Greetings again from the darkness. Given the onslaught of Zombie movies over this past decade, the release of a film about first love between two fine young cannibals barely raises an eyebrow in regards to subject matter. However, when the film is directed by Luca Guadagnino, the man behind such films as CALL ME BY YOUR NAME (2017) and I AM LOVE (2007), well the interest level is quickly piqued, as we know the approach will be one that’s unique. David Kajganich, who collaborated with Guadagnino on SUSPIRIA (2018) and A BiGGER SPLASH (2015), adapted this screenplay from the 2016 novel by Camille DeAngelis.

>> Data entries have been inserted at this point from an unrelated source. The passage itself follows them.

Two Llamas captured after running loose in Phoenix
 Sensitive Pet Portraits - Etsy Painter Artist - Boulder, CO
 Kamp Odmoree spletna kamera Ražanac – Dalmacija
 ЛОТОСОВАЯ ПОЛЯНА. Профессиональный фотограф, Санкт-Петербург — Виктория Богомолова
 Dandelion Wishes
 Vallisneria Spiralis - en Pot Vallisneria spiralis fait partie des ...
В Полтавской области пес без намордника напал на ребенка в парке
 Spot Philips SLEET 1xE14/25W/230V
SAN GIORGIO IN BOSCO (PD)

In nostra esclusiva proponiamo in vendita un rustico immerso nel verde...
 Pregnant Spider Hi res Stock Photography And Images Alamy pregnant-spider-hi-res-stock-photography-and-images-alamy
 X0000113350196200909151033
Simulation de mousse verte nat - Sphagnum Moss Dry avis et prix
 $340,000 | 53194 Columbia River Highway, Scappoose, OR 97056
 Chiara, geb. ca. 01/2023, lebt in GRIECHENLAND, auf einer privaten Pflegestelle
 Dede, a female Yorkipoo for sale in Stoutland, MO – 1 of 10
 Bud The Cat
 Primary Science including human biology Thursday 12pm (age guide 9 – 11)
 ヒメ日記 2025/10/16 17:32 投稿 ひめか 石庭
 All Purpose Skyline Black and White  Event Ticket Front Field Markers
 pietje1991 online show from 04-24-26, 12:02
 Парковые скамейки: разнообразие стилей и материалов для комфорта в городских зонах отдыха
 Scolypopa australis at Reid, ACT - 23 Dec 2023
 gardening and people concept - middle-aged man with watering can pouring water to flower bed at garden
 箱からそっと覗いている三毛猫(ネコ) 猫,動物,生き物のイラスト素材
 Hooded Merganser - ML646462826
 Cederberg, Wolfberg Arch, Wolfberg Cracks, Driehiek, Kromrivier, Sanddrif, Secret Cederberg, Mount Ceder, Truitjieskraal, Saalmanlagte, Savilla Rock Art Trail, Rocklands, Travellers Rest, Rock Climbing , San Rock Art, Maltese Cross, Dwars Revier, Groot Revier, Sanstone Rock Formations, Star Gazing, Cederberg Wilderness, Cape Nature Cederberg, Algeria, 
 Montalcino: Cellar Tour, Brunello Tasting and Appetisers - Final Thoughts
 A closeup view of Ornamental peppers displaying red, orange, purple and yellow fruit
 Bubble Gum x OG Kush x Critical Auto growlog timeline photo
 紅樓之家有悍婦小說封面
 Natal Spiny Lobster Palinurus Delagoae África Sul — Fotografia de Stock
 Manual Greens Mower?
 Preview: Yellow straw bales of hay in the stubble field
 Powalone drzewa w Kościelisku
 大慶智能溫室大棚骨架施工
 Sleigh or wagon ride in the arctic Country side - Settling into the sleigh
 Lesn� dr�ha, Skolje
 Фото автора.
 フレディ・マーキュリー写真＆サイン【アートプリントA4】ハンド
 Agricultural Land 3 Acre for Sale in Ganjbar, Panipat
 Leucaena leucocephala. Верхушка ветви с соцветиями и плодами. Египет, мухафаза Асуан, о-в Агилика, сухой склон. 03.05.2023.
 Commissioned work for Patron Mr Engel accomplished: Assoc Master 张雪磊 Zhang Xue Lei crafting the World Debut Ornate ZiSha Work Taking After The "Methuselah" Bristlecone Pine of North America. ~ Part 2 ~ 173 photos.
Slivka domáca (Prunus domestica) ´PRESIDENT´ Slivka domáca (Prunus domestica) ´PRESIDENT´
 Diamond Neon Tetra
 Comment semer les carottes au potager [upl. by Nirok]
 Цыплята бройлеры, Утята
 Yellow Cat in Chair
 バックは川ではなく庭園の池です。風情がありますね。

Maren (a terrific Taylor Russell, WAVES, 2019) lives in a Virginia trailer park with her father (Andre Holland). He’s extremely protective of her and even locks her in the bedroom at night. The one time she sneaks out to meet some friends at a sleepover, her gruesome actions clue us in to the reason dad worries so much. Soon after, dad deserts Maren, leaving only some cash, her birth certificate, and a cassette tape he recorded detailing all he knows about her past and her rare disorder (a need to feed on human flesh). We get to listen to the cassette right along with Maren, which gives us the background we need to follow along.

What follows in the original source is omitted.